[Start of section]

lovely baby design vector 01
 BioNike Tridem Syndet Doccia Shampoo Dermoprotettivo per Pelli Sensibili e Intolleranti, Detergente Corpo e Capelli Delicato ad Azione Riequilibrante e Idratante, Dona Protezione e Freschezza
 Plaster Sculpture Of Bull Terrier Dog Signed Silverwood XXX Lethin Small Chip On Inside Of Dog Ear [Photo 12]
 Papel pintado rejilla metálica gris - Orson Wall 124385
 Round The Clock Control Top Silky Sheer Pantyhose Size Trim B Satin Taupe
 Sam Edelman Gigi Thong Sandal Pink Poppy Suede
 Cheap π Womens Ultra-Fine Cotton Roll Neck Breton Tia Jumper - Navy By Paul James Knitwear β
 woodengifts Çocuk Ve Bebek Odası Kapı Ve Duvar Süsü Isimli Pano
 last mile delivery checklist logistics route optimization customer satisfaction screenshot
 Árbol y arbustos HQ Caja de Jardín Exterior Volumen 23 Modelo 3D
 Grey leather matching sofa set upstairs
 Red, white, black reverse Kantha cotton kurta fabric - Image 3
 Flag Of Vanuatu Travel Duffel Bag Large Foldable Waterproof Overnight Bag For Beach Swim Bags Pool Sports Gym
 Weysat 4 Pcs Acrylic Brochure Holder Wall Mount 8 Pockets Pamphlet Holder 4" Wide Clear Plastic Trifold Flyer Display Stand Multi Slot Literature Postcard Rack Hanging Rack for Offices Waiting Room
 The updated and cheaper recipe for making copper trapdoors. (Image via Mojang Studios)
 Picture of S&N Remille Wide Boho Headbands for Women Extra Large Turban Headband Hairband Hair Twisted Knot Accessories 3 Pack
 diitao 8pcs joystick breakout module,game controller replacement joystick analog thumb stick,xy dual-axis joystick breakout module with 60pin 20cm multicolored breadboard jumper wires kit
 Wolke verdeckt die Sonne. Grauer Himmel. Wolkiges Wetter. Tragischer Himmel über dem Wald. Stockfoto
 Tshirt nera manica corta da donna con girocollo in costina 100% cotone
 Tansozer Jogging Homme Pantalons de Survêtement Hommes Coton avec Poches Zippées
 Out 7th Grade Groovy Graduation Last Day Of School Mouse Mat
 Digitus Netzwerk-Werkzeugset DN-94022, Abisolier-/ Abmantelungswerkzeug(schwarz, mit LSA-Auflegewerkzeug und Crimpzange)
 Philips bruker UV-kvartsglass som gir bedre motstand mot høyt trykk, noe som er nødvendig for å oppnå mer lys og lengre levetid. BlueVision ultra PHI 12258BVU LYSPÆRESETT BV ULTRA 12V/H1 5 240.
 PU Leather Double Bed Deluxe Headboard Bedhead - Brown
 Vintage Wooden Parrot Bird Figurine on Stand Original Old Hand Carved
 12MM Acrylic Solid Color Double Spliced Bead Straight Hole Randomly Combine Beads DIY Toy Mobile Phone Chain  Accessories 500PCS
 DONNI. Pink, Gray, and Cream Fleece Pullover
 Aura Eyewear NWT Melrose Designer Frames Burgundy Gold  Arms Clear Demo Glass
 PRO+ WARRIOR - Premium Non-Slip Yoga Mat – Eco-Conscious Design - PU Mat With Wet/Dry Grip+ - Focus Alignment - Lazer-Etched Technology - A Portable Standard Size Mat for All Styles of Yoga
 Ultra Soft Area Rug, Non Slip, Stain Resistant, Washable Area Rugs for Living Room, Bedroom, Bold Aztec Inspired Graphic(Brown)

[End of section]

Copy the data exactly. Leave nothing out.

lovely baby design vector 01
 BioNike Tridem Syndet Doccia Shampoo Dermoprotettivo per Pelli Sensibili e Intolleranti, Detergente Corpo e Capelli Delicato ad Azione Riequilibrante e Idratante, Dona Protezione e Freschezza
 Plaster Sculpture Of Bull Terrier Dog Signed Silverwood XXX Lethin Small Chip On Inside Of Dog Ear [Photo 12]
 Papel pintado rejilla metálica gris - Orson Wall 124385
 Round The Clock Control Top Silky Sheer Pantyhose Size Trim B Satin Taupe
 Sam Edelman Gigi Thong Sandal Pink Poppy Suede
 Cheap π Womens Ultra-Fine Cotton Roll Neck Breton Tia Jumper - Navy By Paul James Knitwear β
 woodengifts Çocuk Ve Bebek Odası Kapı Ve Duvar Süsü Isimli Pano
 last mile delivery checklist logistics route optimization customer satisfaction screenshot
 Árbol y arbustos HQ Caja de Jardín Exterior Volumen 23 Modelo 3D
 Grey leather matching sofa set upstairs
 Red, white, black reverse Kantha cotton kurta fabric - Image 3
 Flag Of Vanuatu Travel Duffel Bag Large Foldable Waterproof Overnight Bag For Beach Swim Bags Pool Sports Gym
 Weysat 4 Pcs Acrylic Brochure Holder Wall Mount 8 Pockets Pamphlet Holder 4" Wide Clear Plastic Trifold Flyer Display Stand Multi Slot Literature Postcard Rack Hanging Rack for Offices Waiting Room
 The updated and cheaper recipe for making copper trapdoors. (Image via Mojang Studios)
 Picture of S&N Remille Wide Boho Headbands for Women Extra Large Turban Headband Hairband Hair Twisted Knot Accessories 3 Pack
 diitao 8pcs joystick breakout module,game controller replacement joystick analog thumb stick,xy dual-axis joystick breakout module with 60pin 20cm multicolored breadboard jumper wires kit
 Wolke verdeckt die Sonne. Grauer Himmel. Wolkiges Wetter. Tragischer Himmel über dem Wald. Stockfoto
 Tshirt nera manica corta da donna con girocollo in costina 100% cotone
 Tansozer Jogging Homme Pantalons de Survêtement Hommes Coton avec Poches Zippées
 Out 7th Grade Groovy Graduation Last Day Of School Mouse Mat
 Digitus Netzwerk-Werkzeugset DN-94022, Abisolier-/ Abmantelungswerkzeug(schwarz, mit LSA-Auflegewerkzeug und Crimpzange)
 Philips bruker UV-kvartsglass som gir bedre motstand mot høyt trykk, noe som er nødvendig for å oppnå mer lys og lengre levetid. BlueVision ultra PHI 12258BVU LYSPÆRESETT BV ULTRA 12V/H1 5 240.
 PU Leather Double Bed Deluxe Headboard Bedhead - Brown
 Vintage Wooden Parrot Bird Figurine on Stand Original Old Hand Carved
 12MM Acrylic Solid Color Double Spliced Bead Straight Hole Randomly Combine Beads DIY Toy Mobile Phone Chain  Accessories 500PCS
 DONNI. Pink, Gray, and Cream Fleece Pullover
 Aura Eyewear NWT Melrose Designer Frames Burgundy Gold  Arms Clear Demo Glass
 PRO+ WARRIOR - Premium Non-Slip Yoga Mat – Eco-Conscious Design - PU Mat With Wet/Dry Grip+ - Focus Alignment - Lazer-Etched Technology - A Portable Standard Size Mat for All Styles of Yoga
 Ultra Soft Area Rug, Non Slip, Stain Resistant, Washable Area Rugs for Living Room, Bedroom, Bold Aztec Inspired Graphic(Brown)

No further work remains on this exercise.